Britain's EU membership is 'critical for future success', says automotive industry
2 min read
02 April 2014
The attractiveness of the UK as an investment destination and the competitiveness of the domestic automotive industry is enhanced by Britain's EU membership, according to new report.
The Society of Motor Manufacturers and Traders (SMMT) report produced by KPMG showed that 92 per cent of automotive companies believe that staying in the EU would be best for business with majority seeking a reform agenda.
Moreover, almost 70 per cent believe a withdrawal from Europe would have a negative impact on their business in the medium to long term.
Mike Hawes, SMMT chief executive, said: “The position of the UK automotive industry is clear – being part of a strong Europe is critical for future success.
“This report, and our member survey, shows that Britain’s EU membership is fundamental to investment, growth and jobs in automotive companies of all sizes.”
John Leech, head of automotive at KPMG in the UK, added: “Our analysis shows that, for the automotive industry, it is not a question of the EU versus emerging markets; they want to do business with both.”
In addition to the report conducted by KPMG, a survey of SMMT members showed that 92 per cent of automotive companies believe staying in the EU would be best for their businesses.

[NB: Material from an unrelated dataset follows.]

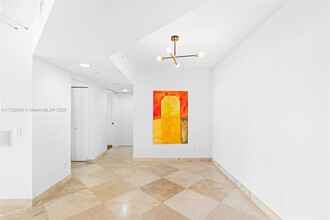 21055 Yacht Club Dr, Unit # 2104 in Aventura, FL - Building Photo - Building Photo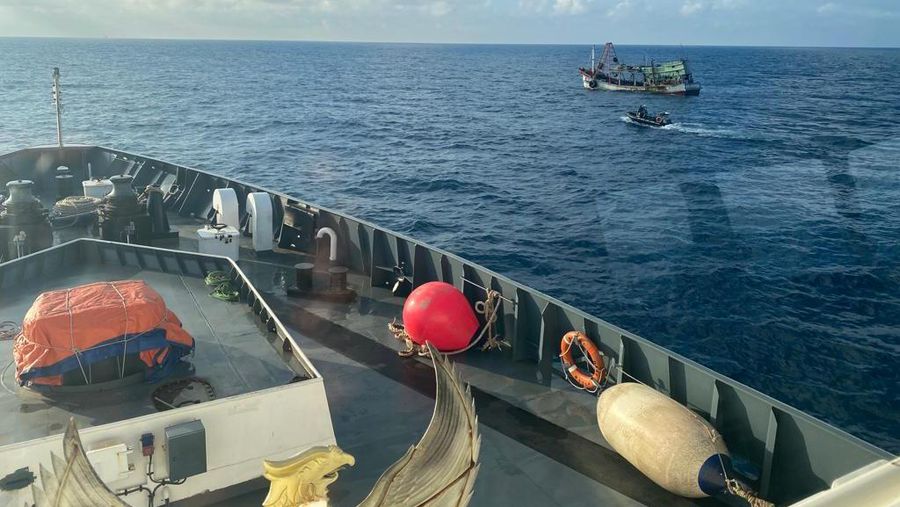 Patroli Badan Keamanan Laut Republik Indonesia (Bakamla RI) KN Pulau Dana-323, berhasil menangkap Kapal Ikan Asing (KIA) berbendera Vietnam yang sedang melakukan aktivitas penangkapan ikan secara illegal di perairan Natuna Utara perbatasan Indonesia-Malaysia bagian Barat, Kabupaten Natuna, Provinsi Kepulauan Riau, Jumat (24/12/2021). (Dok: Bakamla RI/Indonesia Coast Guard)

Key findings of the KPMG report:
- Access to the Single Market is fundamental to UK vehicle manufacturing, supporting sales and supply chain growth;
- EU bargaining power in trade negotiations is critical;
- In shaping regulations and standards, the UK needs a powerful voice at European level;
- EU funding has boosted R&D;
- Free movement of labour enables UK manufacturers and suppliers to blend domestic and international talent; and
- Reforms is still needed to remove ‘burdensome’ EU regulations.